INPUT MATERIAL:

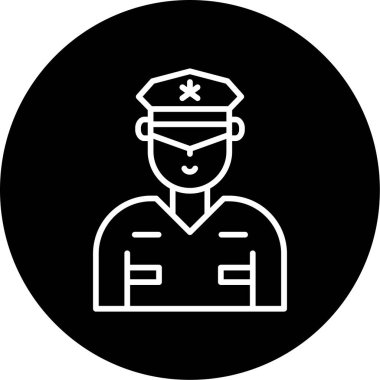 Güvenlik subayı simgesi, vektör illüstrasyonu basit tasarım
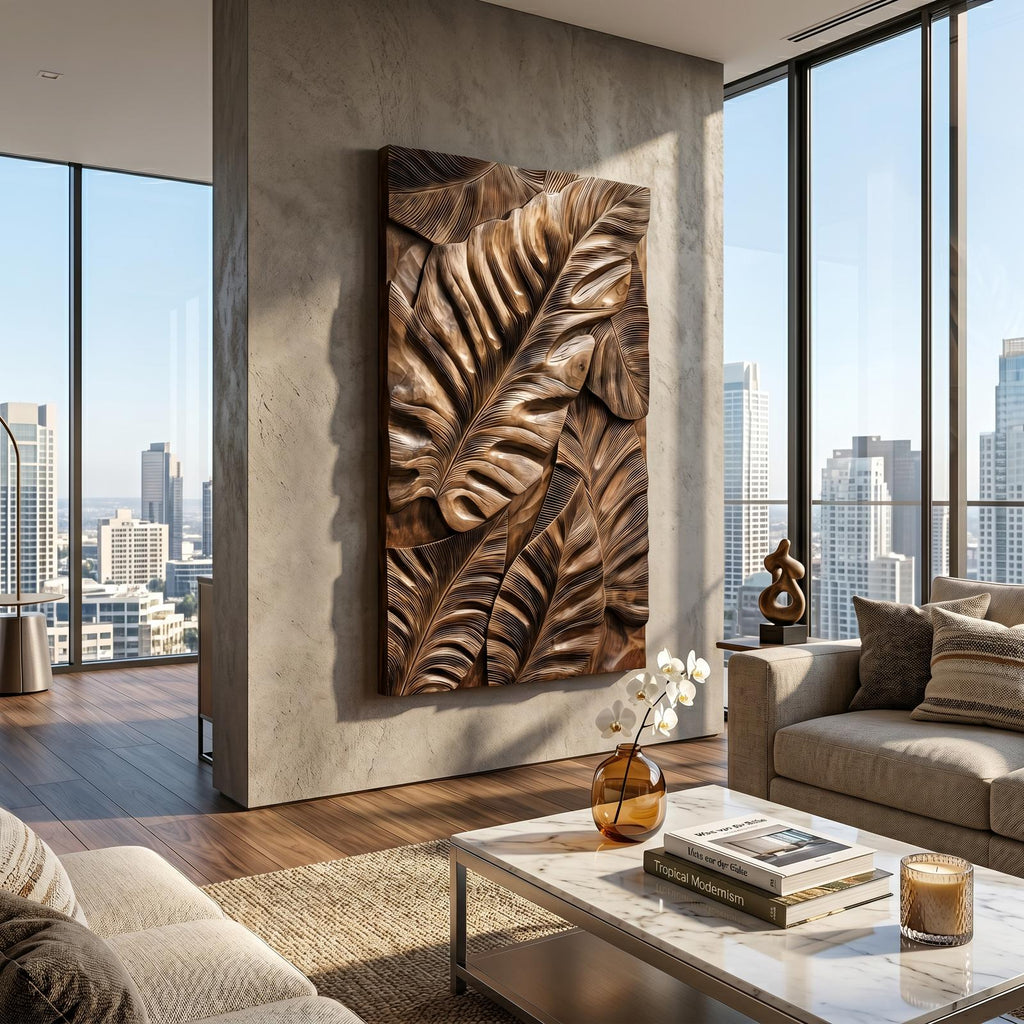 Industrial Wooden Wall Art with Leaf Relief Design, Carved Leaf Art Panel for Entryway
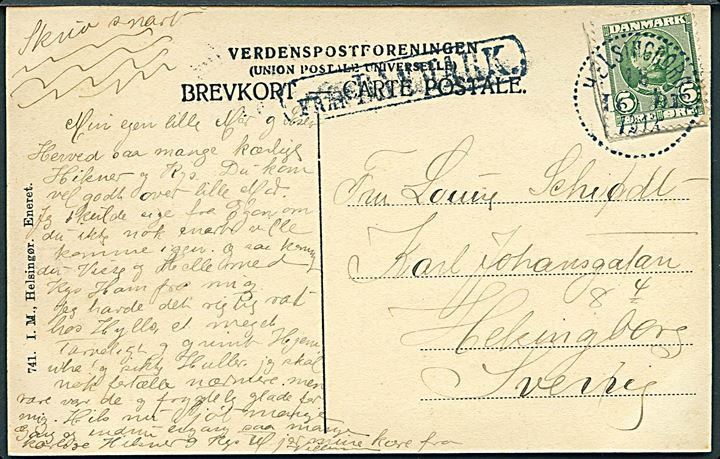 5 øre Fr. VIII på brevkort (Marienborg) annulleret med svensk stempel i Helsingborg d. 18.1.1912 og sidestemplet Från Danmark til Helsingborg, Sverige.
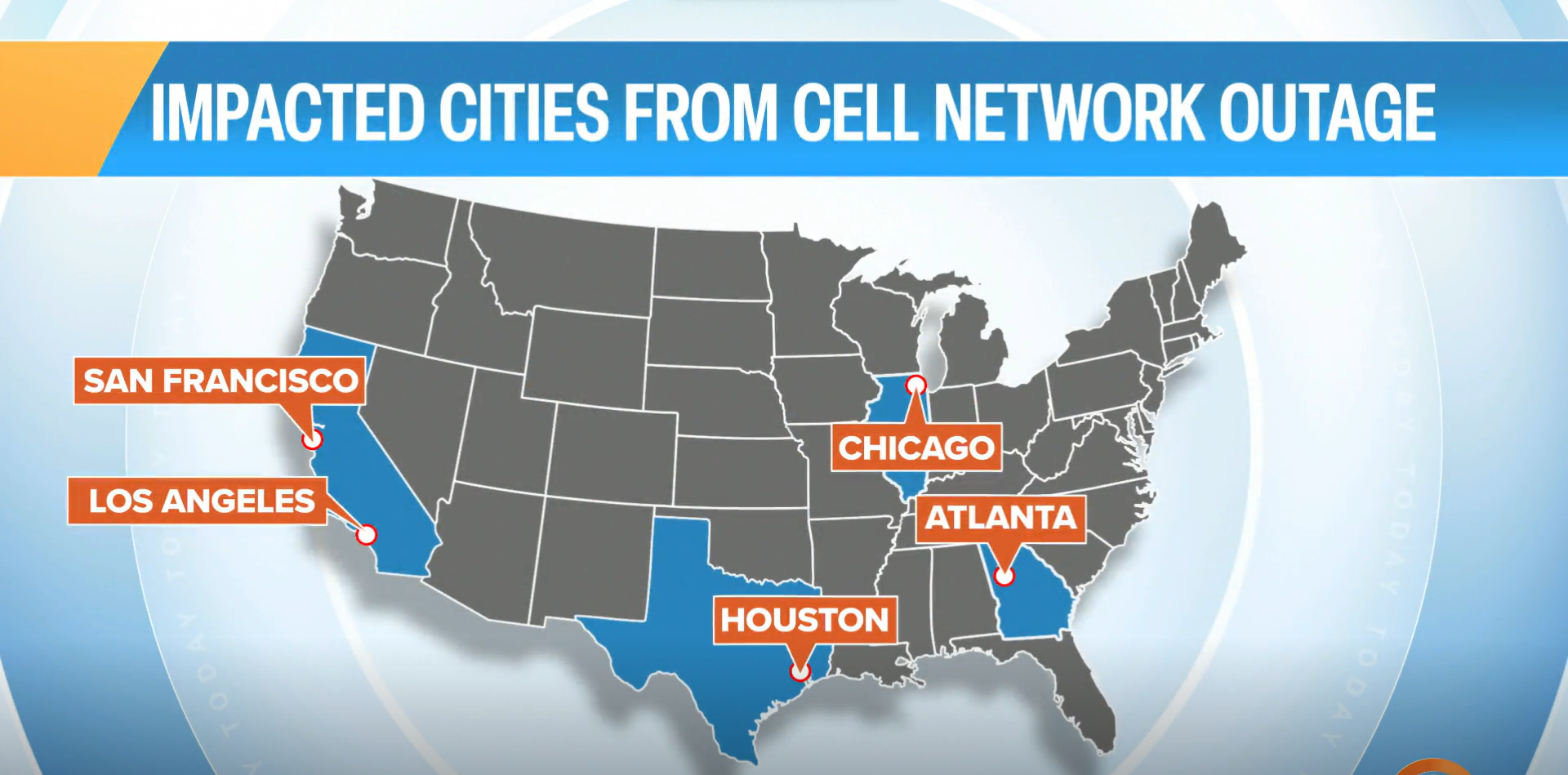 Affected cities by network cellular outage in us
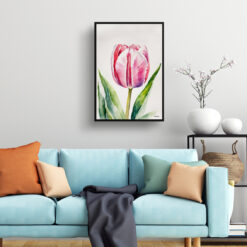 Pink tulip Watercolour Botanical Art Print - Tulipa Framed Plant Wall Art 7 watercolour botanical print flowers pink tulip living room
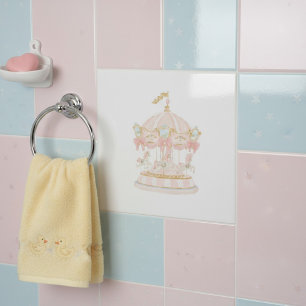 Rosa Karussellpferde Wasserfarben Kunst Kinderzimm Fliese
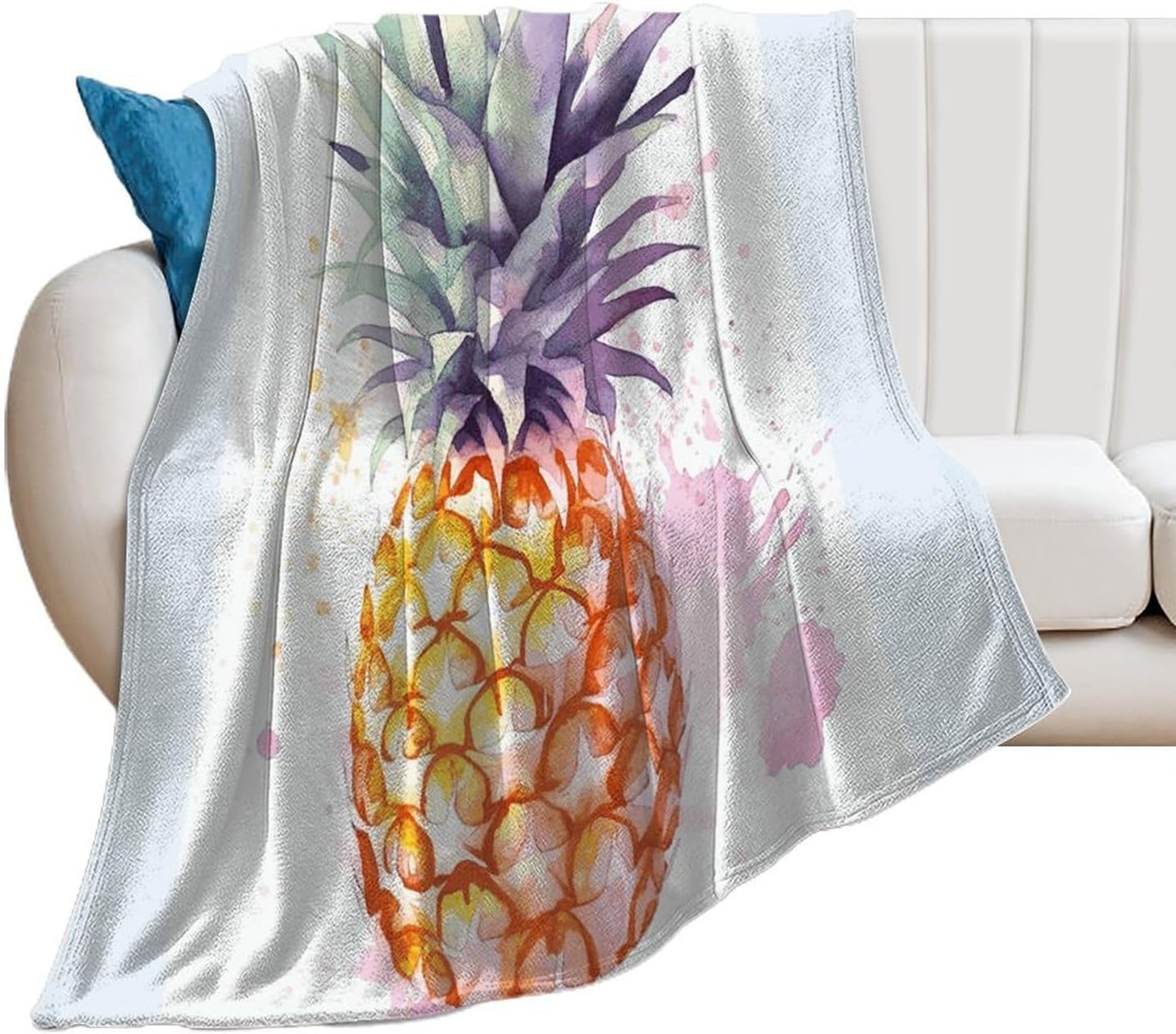Pineapple Blanket Super Soft Lightweight Throw Blanket Cute Cozy Warm Bed Blanket Decorative Fuzzy Blanket All-Season Home Decor Gift for Sofa Couch Living Room 40"*50" （100 * 130cm）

YOUR GOAL: Return every entry above exactly as written, with no pictures included.

SOLUTION FOR THIS EXERCISE:
 Güvenlik subayı simgesi, vektör illüstrasyonu basit tasarım
 Industrial Wooden Wall Art with Leaf Relief Design, Carved Leaf Art Panel for Entryway
 5 øre Fr. VIII på brevkort (Marienborg) annulleret med svensk stempel i Helsingborg d. 18.1.1912 og sidestemplet Från Danmark til Helsingborg, Sverige.
 Affected cities by network cellular outage in us
 Pink tulip Watercolour Botanical Art Print - Tulipa Framed Plant Wall Art 7 watercolour botanical print flowers pink tulip living room
 Rosa Karussellpferde Wasserfarben Kunst Kinderzimm Fliese
Pineapple Blanket Super Soft Lightweight Throw Blanket Cute Cozy Warm Bed Blanket Decorative Fuzzy Blanket All-Season Home Decor Gift for Sofa Couch Living Room 40"*50" （100 * 130cm）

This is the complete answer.